4

Is there a way or an efficient library that allows for incremental regular expression matching in Java?

What I mean by that is, I would like to have an OutputStream that I can send a couple bytes at a time to and that keeps track of matching the data so far against a regular expression. If a byte is received that will cause this regular expression to definitely not match, I would like the stream to tell me so. Otherwise it should keep me informed about the current best match, if any.

I realize that this is likely to be an extremely difficult and not well defined problem, since one can imagine regular expressions that can match a whole expression or any part of it or not have a decision until the stream is closed anyways. Even something as trivial as .* can match H, He, Hel, Hell, Hello, and so forth. In such a case, I would like the stream to say: "Yes, this expression could match if it was over now, and here are the groups it would return."

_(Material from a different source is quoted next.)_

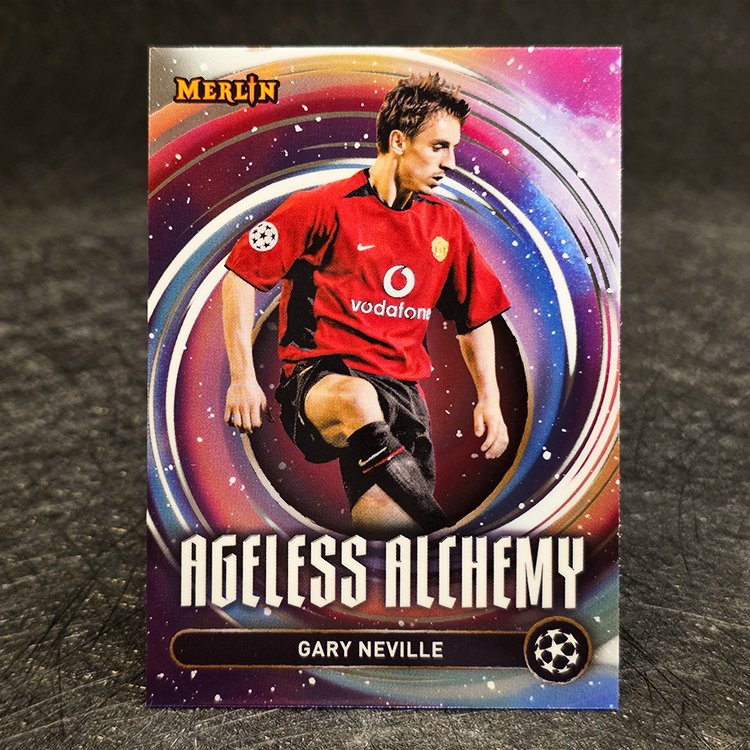 Topps Merlin UEFA 2024-25 - Ageless Alchemy - Gary Neville, Manchester United #AA-7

But if Pattern internally steps through the string it matches character by character, it might not be so hard?

tshepang
  • 12,111
  • 21
  • 91
  • 136
Markus A.
  • 12,349
  • 8
  • 52
  • 116
  • Actually, backtracking is the norm in regexp evaluation. Your intuition that this would be ill-defined is absolutely spot-on. – Marko Topolnik Oct 09 '12 at 16:52
  • @MarkoTopolnik I guess you could use backtracking and still process the characters in order, though, no? Or do regex engines jump around in the string to do "random" look-aheads? – Markus A. Oct 09 '12 at 17:00
  • A lookahead may require the entire input sequence to be examined, without actually matching anything. – Marko Topolnik Oct 09 '12 at 17:20
  • I think Scanner class in Java does something similar. It uses Pattern/Matcher class to process input. Maybe you can look at the source code to see how it uses Matcher class? (Matcher class has hitEnd and requireEnd method, which seems to cater to such usage). – nhahtdh Jan 11 '14 at 17:28
  • Related to (or maybe even a duplicate of) https://stackoverflow.com/q/3013669 – Marcono1234 Jun 27 '21 at 15:50

1 Answers1

1

Incremental matching can be nicely achieved by computing the finite state automaton corresponding to a regular expression, and performing state transitions on that while processing the characters of the input. Most lexers work this way. This approach won't work well for groups, though.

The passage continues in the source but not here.